To do:
Print every line of the listing below, starting with the line that holds "GÜMÜŞ SAPLI ANTİKA ZARF AÇACAĞI" and going on through the line that holds "Used 2023 GMC Yukon XL SLT image 11", both included, and print nothing else.

Extracted information:
____

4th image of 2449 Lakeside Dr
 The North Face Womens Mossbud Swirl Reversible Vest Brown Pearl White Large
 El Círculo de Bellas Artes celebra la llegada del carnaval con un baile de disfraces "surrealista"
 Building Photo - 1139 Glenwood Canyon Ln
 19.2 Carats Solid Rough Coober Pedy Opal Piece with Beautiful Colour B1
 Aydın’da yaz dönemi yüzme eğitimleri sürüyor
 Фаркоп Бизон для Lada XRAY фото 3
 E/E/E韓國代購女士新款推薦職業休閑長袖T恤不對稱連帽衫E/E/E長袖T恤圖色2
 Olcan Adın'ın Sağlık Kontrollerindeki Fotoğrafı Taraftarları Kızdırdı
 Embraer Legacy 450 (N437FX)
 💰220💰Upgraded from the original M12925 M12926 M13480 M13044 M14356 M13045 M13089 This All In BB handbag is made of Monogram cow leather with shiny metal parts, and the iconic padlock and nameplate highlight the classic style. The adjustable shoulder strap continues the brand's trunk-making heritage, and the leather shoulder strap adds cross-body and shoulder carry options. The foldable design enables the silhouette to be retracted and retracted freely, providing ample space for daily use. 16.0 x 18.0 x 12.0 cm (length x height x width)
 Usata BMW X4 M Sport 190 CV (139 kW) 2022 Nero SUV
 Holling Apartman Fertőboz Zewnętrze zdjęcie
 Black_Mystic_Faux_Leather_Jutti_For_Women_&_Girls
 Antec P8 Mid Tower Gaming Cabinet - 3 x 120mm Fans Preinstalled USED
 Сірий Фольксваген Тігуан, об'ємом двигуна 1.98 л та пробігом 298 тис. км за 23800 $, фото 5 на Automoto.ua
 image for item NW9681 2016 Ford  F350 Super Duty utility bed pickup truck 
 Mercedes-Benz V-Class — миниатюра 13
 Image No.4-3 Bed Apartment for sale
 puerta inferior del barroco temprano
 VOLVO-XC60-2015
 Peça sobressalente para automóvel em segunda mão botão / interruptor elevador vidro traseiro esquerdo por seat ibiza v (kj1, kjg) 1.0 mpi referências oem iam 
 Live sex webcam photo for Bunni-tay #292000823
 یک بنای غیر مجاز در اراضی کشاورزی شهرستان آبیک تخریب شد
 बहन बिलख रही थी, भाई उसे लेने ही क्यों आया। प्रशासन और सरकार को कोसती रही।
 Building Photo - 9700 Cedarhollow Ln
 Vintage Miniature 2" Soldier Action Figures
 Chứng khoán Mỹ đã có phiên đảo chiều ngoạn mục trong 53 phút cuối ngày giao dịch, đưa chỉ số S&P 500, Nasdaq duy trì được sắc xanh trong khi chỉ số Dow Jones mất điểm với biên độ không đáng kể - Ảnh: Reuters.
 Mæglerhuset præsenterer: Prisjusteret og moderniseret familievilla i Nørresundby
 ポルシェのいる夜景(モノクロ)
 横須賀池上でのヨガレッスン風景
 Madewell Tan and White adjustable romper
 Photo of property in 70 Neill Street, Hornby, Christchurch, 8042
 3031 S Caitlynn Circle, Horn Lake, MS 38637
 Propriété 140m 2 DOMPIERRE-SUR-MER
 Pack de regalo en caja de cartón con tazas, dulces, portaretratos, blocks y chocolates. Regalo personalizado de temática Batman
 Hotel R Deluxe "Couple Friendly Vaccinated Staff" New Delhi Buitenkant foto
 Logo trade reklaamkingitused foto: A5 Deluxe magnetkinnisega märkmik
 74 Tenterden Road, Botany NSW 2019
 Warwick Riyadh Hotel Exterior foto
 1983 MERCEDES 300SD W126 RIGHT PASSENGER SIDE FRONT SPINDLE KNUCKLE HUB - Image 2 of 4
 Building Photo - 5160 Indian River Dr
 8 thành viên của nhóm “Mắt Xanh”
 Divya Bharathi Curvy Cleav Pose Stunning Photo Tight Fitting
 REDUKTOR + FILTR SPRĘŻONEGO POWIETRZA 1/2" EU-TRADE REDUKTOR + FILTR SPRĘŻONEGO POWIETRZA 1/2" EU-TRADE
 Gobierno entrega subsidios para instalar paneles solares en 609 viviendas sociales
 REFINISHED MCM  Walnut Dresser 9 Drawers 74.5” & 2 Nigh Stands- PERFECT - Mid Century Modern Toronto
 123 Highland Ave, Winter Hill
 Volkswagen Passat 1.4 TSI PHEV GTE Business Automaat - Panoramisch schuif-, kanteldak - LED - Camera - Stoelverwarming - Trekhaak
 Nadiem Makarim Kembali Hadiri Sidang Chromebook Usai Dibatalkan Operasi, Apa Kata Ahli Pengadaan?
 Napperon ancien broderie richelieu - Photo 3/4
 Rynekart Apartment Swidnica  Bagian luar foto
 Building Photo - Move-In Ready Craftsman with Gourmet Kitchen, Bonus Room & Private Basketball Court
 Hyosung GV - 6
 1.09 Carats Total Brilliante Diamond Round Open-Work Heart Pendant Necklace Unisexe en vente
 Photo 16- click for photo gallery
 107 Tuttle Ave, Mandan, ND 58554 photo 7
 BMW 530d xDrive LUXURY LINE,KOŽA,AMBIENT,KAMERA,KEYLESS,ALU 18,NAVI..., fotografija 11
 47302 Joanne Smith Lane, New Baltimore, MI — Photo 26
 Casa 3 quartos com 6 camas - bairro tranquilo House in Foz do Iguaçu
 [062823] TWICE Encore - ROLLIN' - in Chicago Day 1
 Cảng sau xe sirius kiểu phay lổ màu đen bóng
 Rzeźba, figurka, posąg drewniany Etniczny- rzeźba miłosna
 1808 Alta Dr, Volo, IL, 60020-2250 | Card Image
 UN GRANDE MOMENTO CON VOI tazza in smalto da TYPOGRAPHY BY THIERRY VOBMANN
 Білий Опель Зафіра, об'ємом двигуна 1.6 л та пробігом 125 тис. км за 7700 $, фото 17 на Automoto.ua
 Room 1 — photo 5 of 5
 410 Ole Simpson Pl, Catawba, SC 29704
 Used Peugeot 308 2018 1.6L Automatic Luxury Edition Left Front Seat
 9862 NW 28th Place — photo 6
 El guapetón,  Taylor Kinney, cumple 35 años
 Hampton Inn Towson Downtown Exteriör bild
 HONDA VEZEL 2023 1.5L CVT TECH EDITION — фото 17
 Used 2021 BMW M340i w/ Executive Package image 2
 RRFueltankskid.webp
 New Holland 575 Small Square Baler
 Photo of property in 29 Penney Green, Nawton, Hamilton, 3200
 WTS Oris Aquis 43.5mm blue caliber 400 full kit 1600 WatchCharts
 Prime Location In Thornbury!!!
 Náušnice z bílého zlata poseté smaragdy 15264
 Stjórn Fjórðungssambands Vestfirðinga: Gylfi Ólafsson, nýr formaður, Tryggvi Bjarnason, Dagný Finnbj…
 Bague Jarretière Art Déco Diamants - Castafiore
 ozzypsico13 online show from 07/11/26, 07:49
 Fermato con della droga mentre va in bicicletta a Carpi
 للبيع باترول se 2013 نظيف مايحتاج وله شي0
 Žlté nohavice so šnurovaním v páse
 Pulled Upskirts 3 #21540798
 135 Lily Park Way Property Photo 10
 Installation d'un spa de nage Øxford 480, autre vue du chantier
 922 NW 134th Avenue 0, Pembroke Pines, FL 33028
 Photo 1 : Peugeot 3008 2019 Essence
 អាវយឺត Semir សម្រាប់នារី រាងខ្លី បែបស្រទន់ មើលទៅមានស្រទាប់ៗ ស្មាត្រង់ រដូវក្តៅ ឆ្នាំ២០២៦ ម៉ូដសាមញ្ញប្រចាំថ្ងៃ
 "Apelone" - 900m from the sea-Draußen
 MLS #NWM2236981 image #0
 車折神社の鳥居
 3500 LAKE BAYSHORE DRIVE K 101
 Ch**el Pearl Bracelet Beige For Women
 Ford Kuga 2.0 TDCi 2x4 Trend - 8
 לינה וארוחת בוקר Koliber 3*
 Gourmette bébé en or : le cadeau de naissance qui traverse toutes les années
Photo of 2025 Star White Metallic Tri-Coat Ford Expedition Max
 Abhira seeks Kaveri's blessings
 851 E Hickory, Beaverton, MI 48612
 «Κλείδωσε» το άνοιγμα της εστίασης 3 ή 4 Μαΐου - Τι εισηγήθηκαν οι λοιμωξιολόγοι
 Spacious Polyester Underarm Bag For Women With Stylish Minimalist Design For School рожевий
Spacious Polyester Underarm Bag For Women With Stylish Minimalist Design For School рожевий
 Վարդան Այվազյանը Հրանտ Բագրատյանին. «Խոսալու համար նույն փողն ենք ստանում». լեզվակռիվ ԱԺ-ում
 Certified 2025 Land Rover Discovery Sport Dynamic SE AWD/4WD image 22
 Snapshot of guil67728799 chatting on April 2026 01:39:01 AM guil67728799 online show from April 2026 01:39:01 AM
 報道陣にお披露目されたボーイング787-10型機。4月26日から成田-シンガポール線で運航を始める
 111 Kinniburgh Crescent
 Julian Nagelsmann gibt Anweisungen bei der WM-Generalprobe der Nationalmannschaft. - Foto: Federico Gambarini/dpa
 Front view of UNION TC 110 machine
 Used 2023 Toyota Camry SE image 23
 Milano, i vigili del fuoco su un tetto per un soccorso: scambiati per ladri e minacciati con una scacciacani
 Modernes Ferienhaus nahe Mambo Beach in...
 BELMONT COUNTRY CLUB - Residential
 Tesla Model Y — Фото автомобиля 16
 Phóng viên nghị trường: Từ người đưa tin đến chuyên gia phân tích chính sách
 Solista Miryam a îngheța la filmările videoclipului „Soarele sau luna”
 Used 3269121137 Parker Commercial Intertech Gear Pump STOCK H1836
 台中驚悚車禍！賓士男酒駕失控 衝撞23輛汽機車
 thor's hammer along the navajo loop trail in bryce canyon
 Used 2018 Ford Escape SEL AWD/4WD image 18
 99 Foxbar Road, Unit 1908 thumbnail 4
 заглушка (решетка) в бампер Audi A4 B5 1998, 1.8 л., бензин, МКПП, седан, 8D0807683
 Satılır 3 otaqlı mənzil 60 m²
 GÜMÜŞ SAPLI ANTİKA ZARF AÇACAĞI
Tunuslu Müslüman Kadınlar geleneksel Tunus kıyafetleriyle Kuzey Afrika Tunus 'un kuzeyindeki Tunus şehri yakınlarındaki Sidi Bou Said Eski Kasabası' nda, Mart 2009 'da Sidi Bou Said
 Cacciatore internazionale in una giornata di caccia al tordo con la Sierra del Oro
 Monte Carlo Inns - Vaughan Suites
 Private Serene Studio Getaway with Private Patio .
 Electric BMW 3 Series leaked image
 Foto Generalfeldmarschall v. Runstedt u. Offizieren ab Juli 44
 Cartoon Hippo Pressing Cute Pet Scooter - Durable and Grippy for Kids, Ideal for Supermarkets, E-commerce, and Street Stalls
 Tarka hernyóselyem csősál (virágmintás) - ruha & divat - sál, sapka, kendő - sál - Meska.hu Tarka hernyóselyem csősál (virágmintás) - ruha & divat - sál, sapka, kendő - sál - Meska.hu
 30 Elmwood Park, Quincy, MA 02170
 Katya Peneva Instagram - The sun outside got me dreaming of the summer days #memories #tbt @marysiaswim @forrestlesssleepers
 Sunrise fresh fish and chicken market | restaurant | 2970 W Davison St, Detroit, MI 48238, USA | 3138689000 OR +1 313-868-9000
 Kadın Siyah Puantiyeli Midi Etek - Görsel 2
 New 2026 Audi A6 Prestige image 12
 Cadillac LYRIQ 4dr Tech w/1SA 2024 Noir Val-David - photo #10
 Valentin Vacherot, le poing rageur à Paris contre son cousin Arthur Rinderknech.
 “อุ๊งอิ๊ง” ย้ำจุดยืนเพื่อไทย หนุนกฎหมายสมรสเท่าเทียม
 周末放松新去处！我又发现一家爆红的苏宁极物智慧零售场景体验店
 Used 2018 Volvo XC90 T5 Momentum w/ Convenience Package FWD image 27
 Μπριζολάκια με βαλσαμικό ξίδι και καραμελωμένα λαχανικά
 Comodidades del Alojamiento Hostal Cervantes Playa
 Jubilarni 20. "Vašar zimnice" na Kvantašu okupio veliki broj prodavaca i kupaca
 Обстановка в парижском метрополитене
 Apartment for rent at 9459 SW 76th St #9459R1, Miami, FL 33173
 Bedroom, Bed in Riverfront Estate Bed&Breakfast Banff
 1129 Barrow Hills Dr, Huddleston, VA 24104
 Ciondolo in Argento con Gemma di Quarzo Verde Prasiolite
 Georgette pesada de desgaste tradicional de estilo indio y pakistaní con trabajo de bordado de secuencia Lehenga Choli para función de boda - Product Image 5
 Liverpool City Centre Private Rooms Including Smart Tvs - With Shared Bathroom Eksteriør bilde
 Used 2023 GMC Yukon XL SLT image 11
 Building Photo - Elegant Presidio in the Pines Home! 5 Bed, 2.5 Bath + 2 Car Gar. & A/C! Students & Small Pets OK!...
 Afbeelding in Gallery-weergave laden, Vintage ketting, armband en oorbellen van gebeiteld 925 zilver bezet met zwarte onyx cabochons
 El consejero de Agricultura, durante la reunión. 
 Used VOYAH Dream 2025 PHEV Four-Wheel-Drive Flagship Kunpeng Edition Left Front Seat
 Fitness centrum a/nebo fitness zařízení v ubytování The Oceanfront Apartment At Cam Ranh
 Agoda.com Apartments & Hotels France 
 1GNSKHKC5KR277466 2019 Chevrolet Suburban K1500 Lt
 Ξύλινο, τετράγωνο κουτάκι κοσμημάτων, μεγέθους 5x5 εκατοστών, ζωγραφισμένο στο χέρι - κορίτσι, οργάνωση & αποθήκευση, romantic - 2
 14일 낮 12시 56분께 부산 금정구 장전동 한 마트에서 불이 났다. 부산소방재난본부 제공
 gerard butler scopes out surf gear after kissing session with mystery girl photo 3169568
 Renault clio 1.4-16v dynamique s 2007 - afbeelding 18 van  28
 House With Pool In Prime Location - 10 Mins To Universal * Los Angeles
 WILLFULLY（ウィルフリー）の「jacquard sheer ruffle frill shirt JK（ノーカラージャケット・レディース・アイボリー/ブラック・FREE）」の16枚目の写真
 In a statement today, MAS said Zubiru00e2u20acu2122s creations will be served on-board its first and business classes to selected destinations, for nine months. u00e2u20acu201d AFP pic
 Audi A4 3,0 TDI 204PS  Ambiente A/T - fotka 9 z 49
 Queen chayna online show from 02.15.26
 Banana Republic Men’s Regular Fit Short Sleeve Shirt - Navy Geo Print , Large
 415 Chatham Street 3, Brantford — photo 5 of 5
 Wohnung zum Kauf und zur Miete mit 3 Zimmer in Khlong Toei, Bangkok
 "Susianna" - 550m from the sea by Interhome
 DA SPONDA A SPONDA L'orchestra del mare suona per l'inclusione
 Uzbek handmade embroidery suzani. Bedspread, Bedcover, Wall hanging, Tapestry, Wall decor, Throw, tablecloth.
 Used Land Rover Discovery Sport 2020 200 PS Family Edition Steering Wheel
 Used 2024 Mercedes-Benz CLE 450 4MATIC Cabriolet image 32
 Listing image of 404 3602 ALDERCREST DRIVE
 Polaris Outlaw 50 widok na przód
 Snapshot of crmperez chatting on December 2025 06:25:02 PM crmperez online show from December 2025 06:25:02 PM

____

The completed task:
 GÜMÜŞ SAPLI ANTİKA ZARF AÇACAĞI
Tunuslu Müslüman Kadınlar geleneksel Tunus kıyafetleriyle Kuzey Afrika Tunus 'un kuzeyindeki Tunus şehri yakınlarındaki Sidi Bou Said Eski Kasabası' nda, Mart 2009 'da Sidi Bou Said
 Cacciatore internazionale in una giornata di caccia al tordo con la Sierra del Oro
 Monte Carlo Inns - Vaughan Suites
 Private Serene Studio Getaway with Private Patio .
 Electric BMW 3 Series leaked image
 Foto Generalfeldmarschall v. Runstedt u. Offizieren ab Juli 44
 Cartoon Hippo Pressing Cute Pet Scooter - Durable and Grippy for Kids, Ideal for Supermarkets, E-commerce, and Street Stalls
 Tarka hernyóselyem csősál (virágmintás) - ruha & divat - sál, sapka, kendő - sál - Meska.hu Tarka hernyóselyem csősál (virágmintás) - ruha & divat - sál, sapka, kendő - sál - Meska.hu
 30 Elmwood Park, Quincy, MA 02170
 Katya Peneva Instagram - The sun outside got me dreaming of the summer days #memories #tbt @marysiaswim @forrestlesssleepers
 Sunrise fresh fish and chicken market | restaurant | 2970 W Davison St, Detroit, MI 48238, USA | 3138689000 OR +1 313-868-9000
 Kadın Siyah Puantiyeli Midi Etek - Görsel 2
 New 2026 Audi A6 Prestige image 12
 Cadillac LYRIQ 4dr Tech w/1SA 2024 Noir Val-David - photo #10
 Valentin Vacherot, le poing rageur à Paris contre son cousin Arthur Rinderknech.
 “อุ๊งอิ๊ง” ย้ำจุดยืนเพื่อไทย หนุนกฎหมายสมรสเท่าเทียม
 周末放松新去处！我又发现一家爆红的苏宁极物智慧零售场景体验店
 Used 2018 Volvo XC90 T5 Momentum w/ Convenience Package FWD image 27
 Μπριζολάκια με βαλσαμικό ξίδι και καραμελωμένα λαχανικά
 Comodidades del Alojamiento Hostal Cervantes Playa
 Jubilarni 20. "Vašar zimnice" na Kvantašu okupio veliki broj prodavaca i kupaca
 Обстановка в парижском метрополитене
 Apartment for rent at 9459 SW 76th St #9459R1, Miami, FL 33173
 Bedroom, Bed in Riverfront Estate Bed&Breakfast Banff
 1129 Barrow Hills Dr, Huddleston, VA 24104
 Ciondolo in Argento con Gemma di Quarzo Verde Prasiolite
 Georgette pesada de desgaste tradicional de estilo indio y pakistaní con trabajo de bordado de secuencia Lehenga Choli para función de boda - Product Image 5
 Liverpool City Centre Private Rooms Including Smart Tvs - With Shared Bathroom Eksteriør bilde
 Used 2023 GMC Yukon XL SLT image 11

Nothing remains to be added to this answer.